• WHAT NEEDS TO BE DONE: Output exactly, and only, the lines below from the one with "Yağmurdan İlginç Korunma" down to the one with "هتل The Exchange Regency Residence". Include both end lines and no pictures.

• TASK INPUTS:
_ _ _
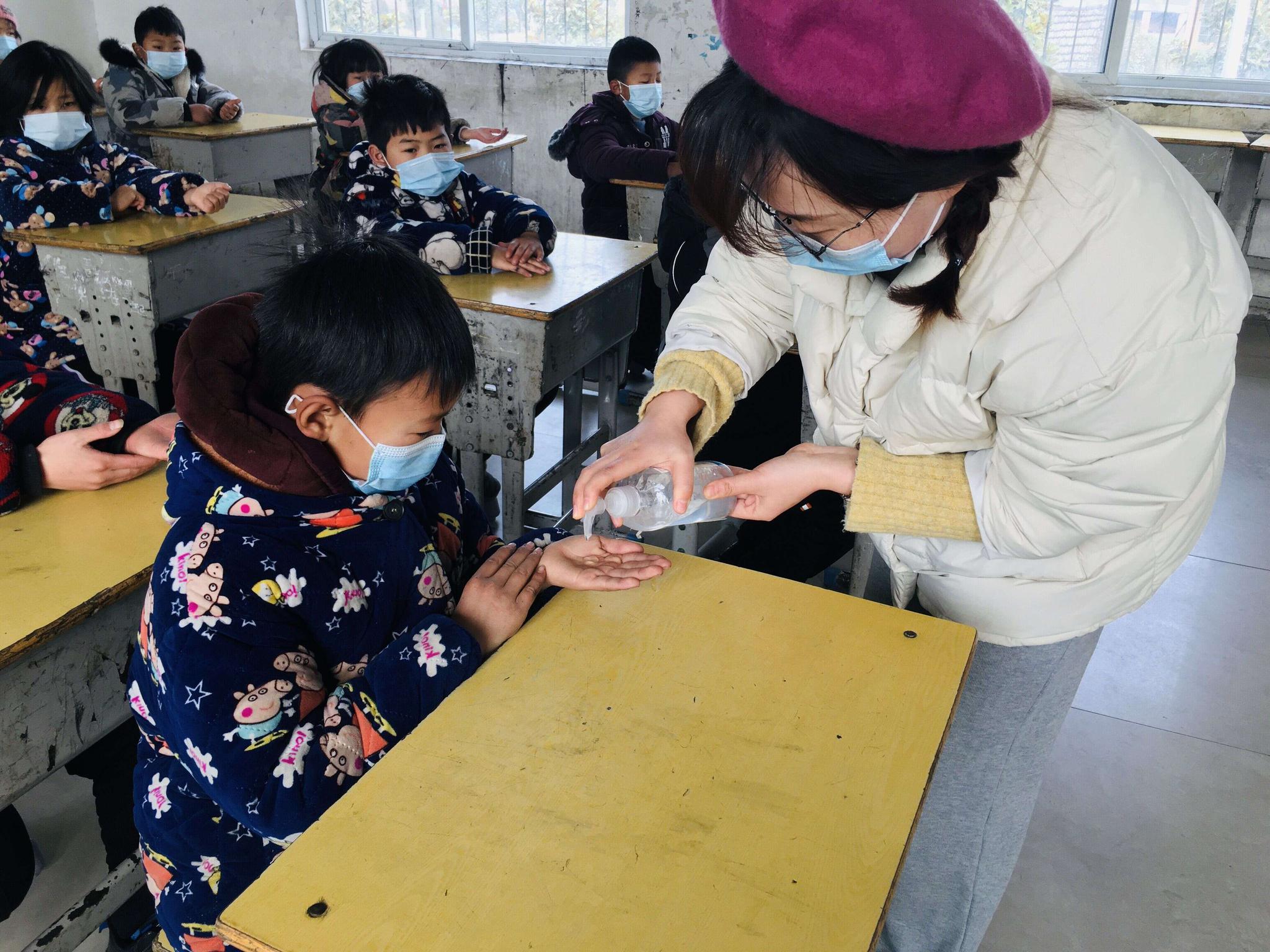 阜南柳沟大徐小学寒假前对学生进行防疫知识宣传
_ _ _
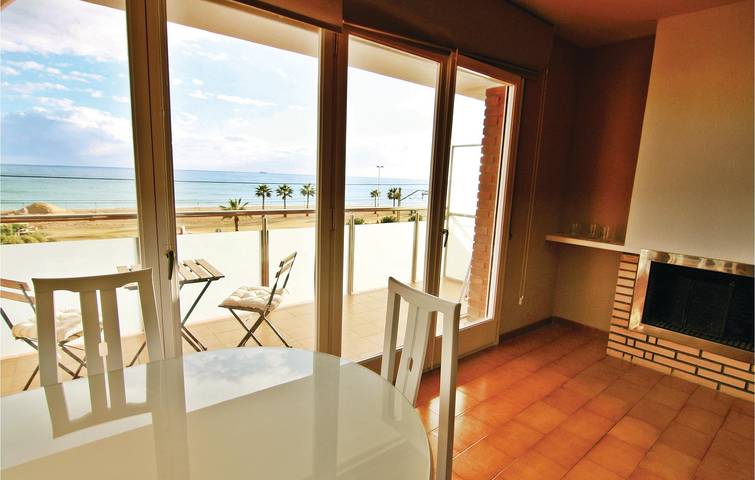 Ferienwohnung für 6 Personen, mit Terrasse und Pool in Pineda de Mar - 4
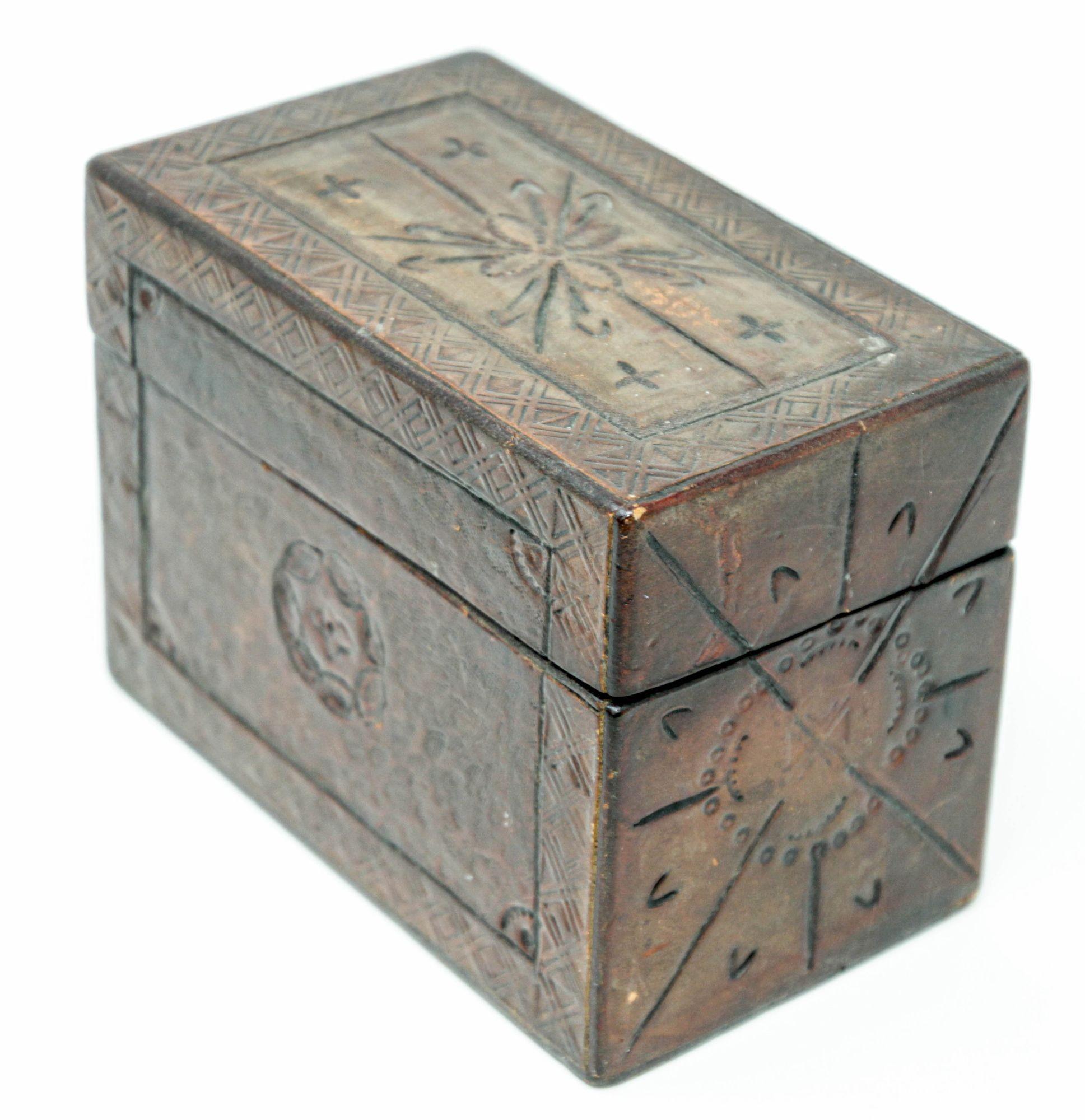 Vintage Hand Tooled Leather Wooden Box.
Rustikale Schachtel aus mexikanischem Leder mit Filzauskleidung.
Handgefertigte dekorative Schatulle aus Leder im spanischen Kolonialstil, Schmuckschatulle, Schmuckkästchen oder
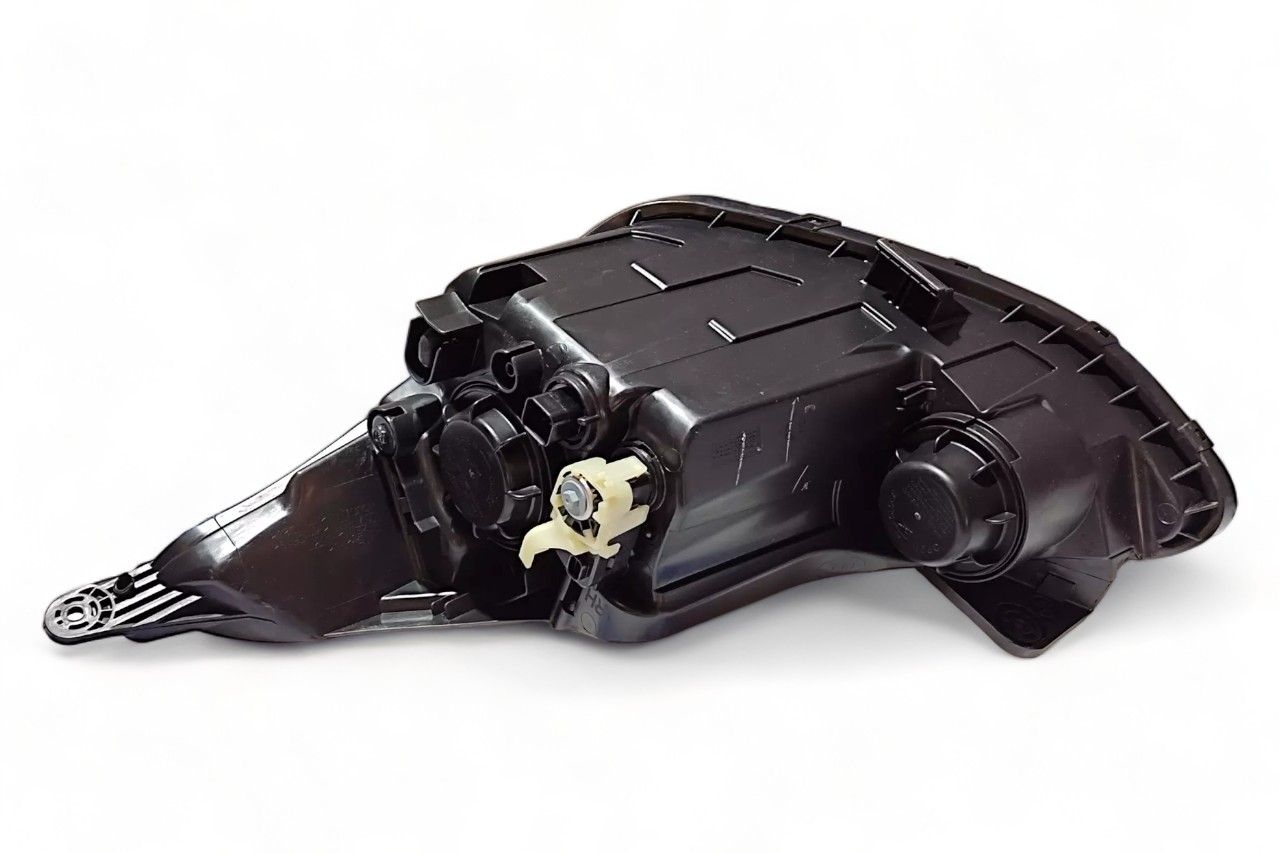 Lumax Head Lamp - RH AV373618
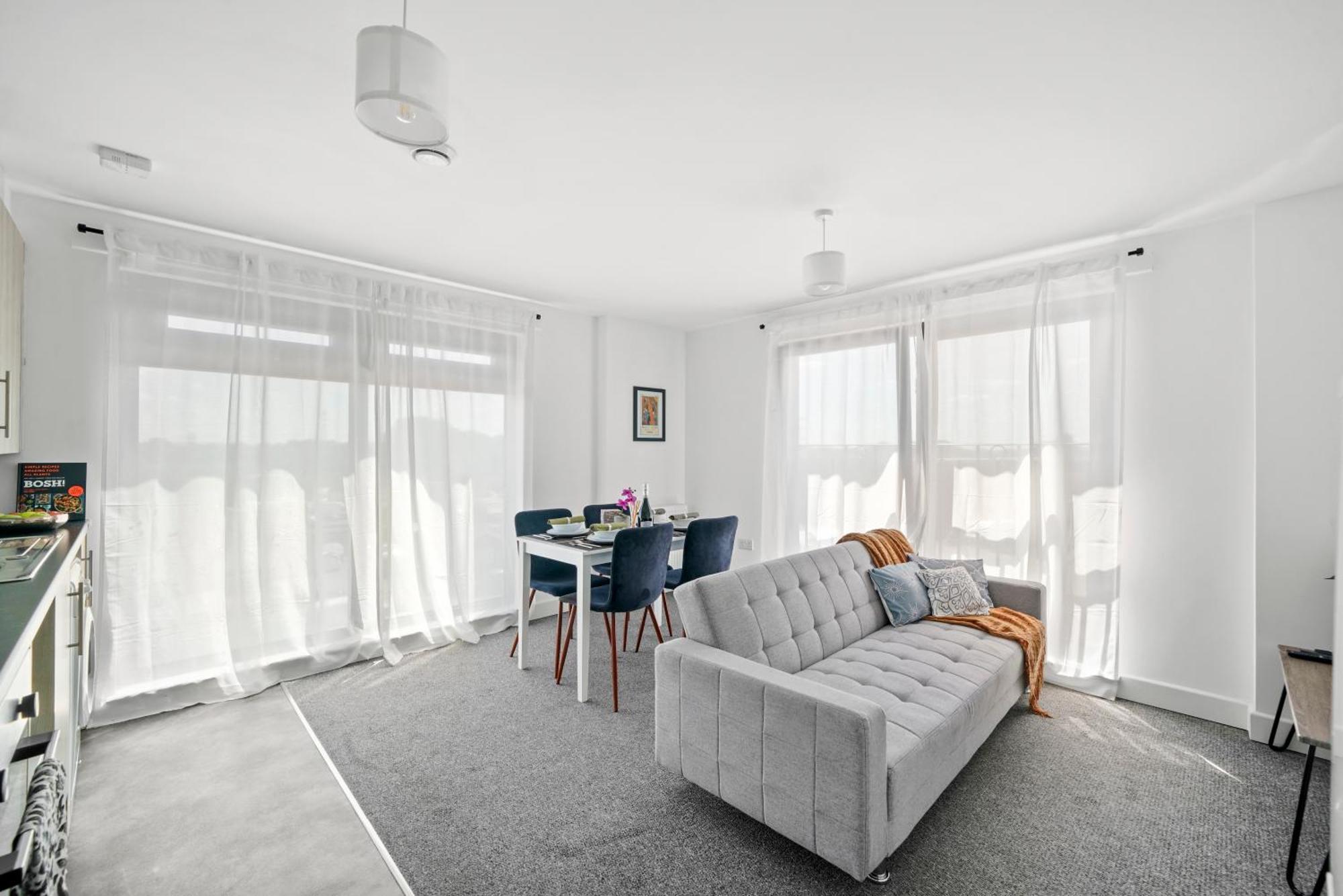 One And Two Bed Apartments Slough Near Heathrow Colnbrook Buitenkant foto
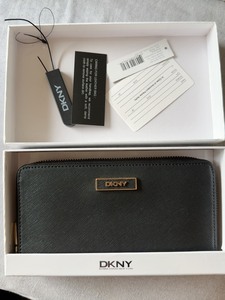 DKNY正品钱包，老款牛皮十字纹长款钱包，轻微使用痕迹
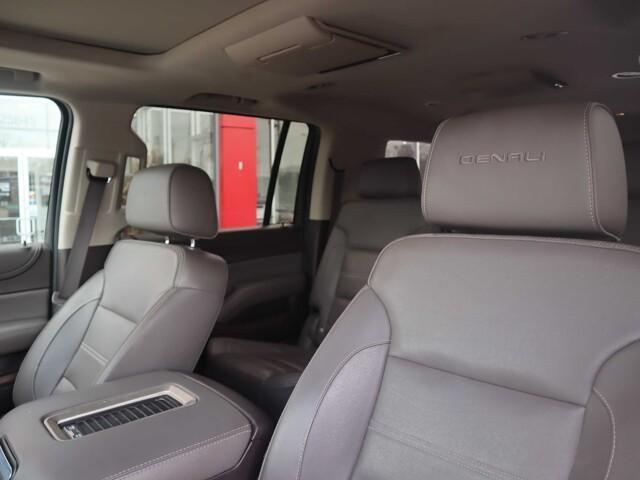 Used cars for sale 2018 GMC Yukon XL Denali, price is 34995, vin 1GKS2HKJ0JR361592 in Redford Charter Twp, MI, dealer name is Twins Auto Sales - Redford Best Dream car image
_ _ _
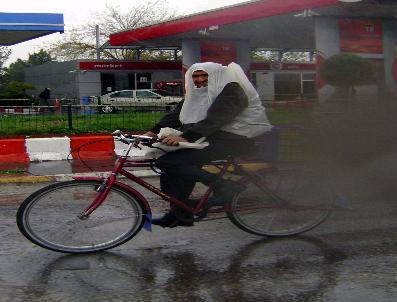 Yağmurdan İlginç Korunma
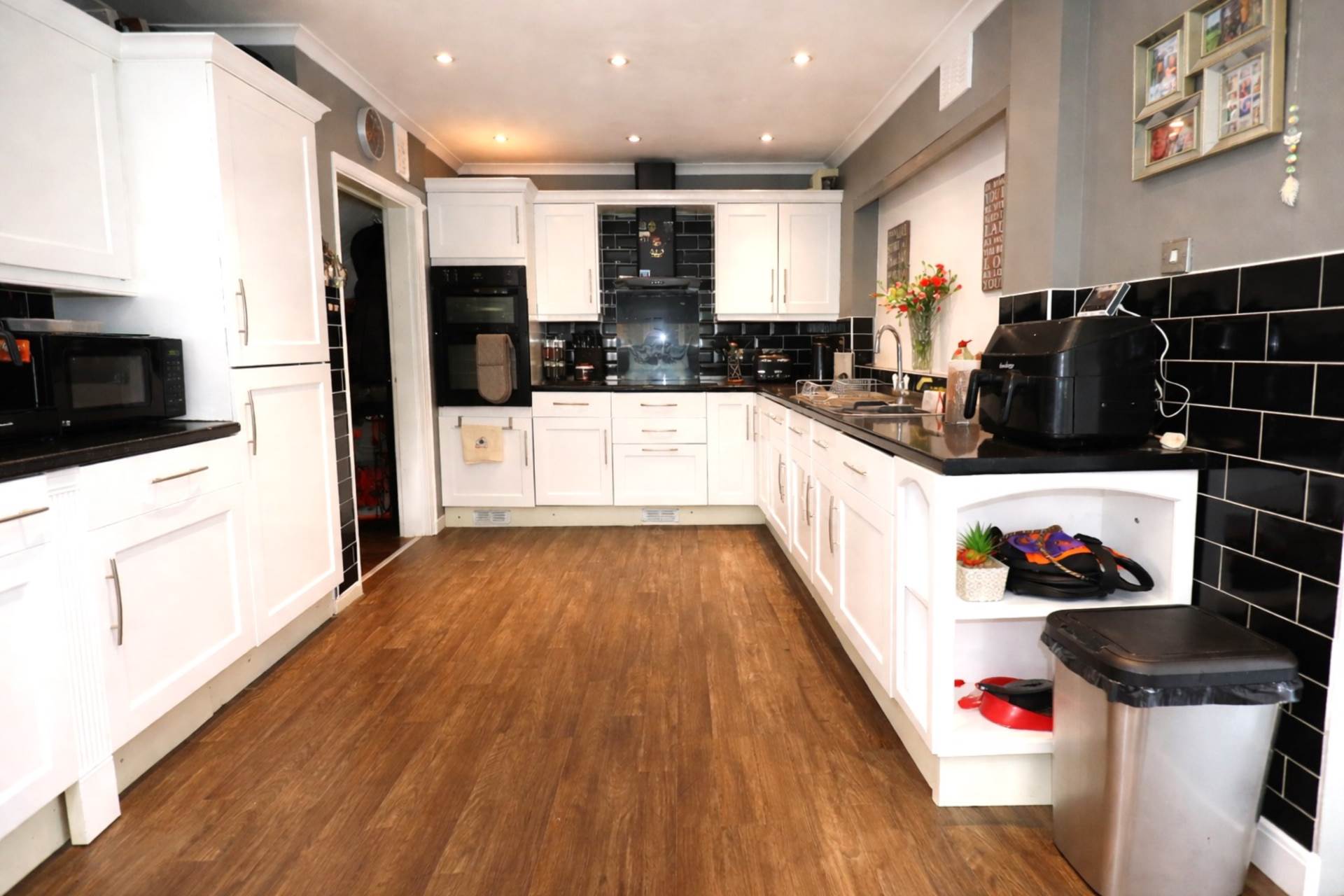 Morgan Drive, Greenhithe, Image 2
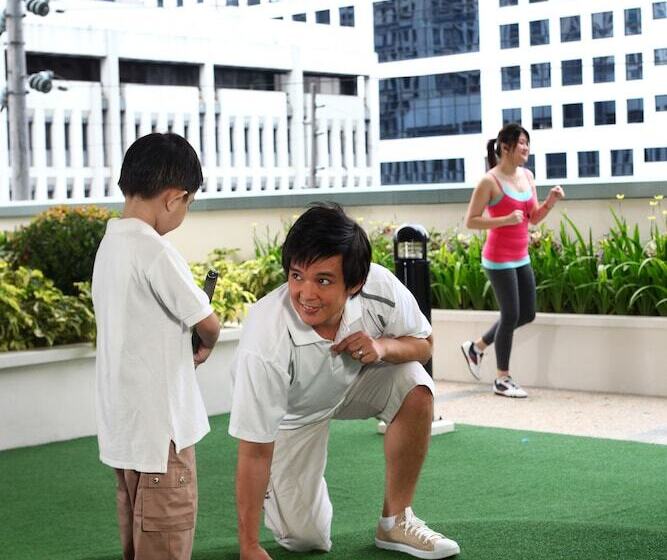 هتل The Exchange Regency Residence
_ _ _
• ANSWER SECTION:
 Yağmurdan İlginç Korunma
 Morgan Drive, Greenhithe, Image 2
 هتل The Exchange Regency Residence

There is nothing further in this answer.